В общем, все официальные инстанции вроде были уже задействованы, однако решающий шаг с нашей стороны по-прежнему должно было сделать ответственное за это дело «Общество» д-ра Мохальски.
Сразу после возвращения из поездки по странам Восточной Азии я опять сосредоточил все нити в своих руках, направив в советское посольство в Бонне, министерство иностранных дел ФРГ, германское посольство в Москве и «Общество» письма с просьбой позаботиться о том, чтобы идея с выставкой была наконец реализована.
7 апреля 1972 года д-р Мохальски прислал мне ответ следующего содержания:
«…и хочу еще раз заверить Вас, что запланированная выставка сможет состояться в октябре/ноябре 1972 г. Задержка объясняется тем, что господин Леонов теперь уже смещен со своего поста и, возможно, был занят в феврале мыслями о новой работе. Ответственным за это является теперь господин Ведерников и его помощник господин Вишневский».

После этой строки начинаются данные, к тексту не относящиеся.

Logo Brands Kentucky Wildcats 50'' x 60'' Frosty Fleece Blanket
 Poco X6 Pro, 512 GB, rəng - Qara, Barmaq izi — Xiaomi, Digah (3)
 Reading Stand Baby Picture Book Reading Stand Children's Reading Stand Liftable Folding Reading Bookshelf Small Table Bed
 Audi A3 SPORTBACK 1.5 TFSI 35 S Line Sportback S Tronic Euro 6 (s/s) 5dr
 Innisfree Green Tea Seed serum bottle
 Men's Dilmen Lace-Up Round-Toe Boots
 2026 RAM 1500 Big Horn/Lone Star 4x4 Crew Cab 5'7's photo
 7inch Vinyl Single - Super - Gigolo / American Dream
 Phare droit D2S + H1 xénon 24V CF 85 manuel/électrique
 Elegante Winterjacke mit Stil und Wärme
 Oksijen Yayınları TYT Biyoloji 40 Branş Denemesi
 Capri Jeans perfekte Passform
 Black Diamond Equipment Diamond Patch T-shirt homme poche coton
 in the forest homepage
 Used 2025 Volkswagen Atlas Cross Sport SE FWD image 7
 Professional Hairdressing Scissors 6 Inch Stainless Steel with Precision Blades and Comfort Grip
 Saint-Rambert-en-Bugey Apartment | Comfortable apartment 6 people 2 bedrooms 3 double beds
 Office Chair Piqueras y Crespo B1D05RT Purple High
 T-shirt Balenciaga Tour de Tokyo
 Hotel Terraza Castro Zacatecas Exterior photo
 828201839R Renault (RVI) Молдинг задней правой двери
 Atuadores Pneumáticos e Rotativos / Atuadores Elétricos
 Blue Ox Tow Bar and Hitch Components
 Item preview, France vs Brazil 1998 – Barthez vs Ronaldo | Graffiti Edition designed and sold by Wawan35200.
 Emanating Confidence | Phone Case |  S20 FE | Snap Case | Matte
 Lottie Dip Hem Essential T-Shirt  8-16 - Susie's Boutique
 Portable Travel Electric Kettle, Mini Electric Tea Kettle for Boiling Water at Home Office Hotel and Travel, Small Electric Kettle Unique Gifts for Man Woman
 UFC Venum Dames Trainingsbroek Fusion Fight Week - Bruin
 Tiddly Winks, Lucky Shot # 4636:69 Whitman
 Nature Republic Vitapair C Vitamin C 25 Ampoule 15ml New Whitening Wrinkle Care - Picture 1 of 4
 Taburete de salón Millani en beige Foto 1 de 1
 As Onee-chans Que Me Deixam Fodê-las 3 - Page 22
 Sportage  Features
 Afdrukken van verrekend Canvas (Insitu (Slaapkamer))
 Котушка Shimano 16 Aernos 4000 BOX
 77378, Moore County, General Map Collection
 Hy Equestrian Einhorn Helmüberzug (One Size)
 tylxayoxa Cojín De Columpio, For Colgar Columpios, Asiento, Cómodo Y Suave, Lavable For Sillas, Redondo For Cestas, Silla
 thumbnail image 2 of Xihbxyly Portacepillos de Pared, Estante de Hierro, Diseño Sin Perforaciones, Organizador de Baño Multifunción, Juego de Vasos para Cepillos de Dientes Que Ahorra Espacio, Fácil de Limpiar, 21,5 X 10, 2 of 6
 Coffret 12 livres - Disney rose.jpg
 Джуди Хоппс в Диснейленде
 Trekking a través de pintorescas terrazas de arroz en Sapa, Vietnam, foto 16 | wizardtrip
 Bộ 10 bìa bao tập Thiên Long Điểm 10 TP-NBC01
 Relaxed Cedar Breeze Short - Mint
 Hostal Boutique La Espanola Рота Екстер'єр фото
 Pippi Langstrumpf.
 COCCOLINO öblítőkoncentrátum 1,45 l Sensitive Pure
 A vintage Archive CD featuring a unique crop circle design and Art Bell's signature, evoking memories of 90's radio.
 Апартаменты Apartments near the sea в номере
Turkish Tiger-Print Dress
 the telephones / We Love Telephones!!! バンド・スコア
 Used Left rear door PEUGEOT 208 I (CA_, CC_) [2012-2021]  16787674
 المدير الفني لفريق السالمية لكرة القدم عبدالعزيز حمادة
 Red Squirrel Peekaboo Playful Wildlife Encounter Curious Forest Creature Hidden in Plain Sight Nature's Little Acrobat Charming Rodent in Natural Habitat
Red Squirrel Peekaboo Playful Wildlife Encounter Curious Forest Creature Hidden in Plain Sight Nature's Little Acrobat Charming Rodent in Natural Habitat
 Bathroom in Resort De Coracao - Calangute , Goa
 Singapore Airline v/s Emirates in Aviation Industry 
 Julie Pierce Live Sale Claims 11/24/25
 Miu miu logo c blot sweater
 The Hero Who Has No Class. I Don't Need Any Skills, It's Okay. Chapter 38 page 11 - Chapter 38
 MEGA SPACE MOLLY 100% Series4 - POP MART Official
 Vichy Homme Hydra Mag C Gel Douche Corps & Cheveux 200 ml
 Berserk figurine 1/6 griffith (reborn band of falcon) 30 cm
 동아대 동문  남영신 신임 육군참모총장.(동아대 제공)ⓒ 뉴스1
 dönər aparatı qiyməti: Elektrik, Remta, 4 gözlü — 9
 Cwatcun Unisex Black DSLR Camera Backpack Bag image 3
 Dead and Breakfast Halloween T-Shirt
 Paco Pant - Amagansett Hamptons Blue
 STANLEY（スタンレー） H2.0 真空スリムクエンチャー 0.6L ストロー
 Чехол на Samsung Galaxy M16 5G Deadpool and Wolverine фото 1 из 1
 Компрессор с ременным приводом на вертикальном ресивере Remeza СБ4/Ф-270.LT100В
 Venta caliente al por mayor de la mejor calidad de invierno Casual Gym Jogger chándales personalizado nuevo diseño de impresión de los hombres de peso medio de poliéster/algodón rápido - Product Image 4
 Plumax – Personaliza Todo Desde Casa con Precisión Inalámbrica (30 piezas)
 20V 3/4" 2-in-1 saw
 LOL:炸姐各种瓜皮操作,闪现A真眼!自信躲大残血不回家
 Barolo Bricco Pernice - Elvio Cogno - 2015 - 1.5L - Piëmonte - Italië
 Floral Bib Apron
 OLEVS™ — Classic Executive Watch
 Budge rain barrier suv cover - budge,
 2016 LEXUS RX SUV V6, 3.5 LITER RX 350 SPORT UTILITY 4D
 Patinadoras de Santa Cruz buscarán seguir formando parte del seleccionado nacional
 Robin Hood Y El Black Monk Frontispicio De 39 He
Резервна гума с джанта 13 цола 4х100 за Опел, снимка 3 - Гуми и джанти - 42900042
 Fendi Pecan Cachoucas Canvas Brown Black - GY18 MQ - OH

Шанс получить от советских партнеров их все время высказываемое устно и потому необязательное согласие в письменном виде должен был реализоваться 2 июня 1972 года. Я знал, что только клочок официально подписанной бумаги может положить конец этой бесконечной волоките. На этот день в моем кабинете была назначена встреча по существующим проблемам за чашечкой кофе с новым московским шефом Дома дружбы господином Ведерниковым, референтом по культуре в советском посольстве Дийковым и господином Дилем.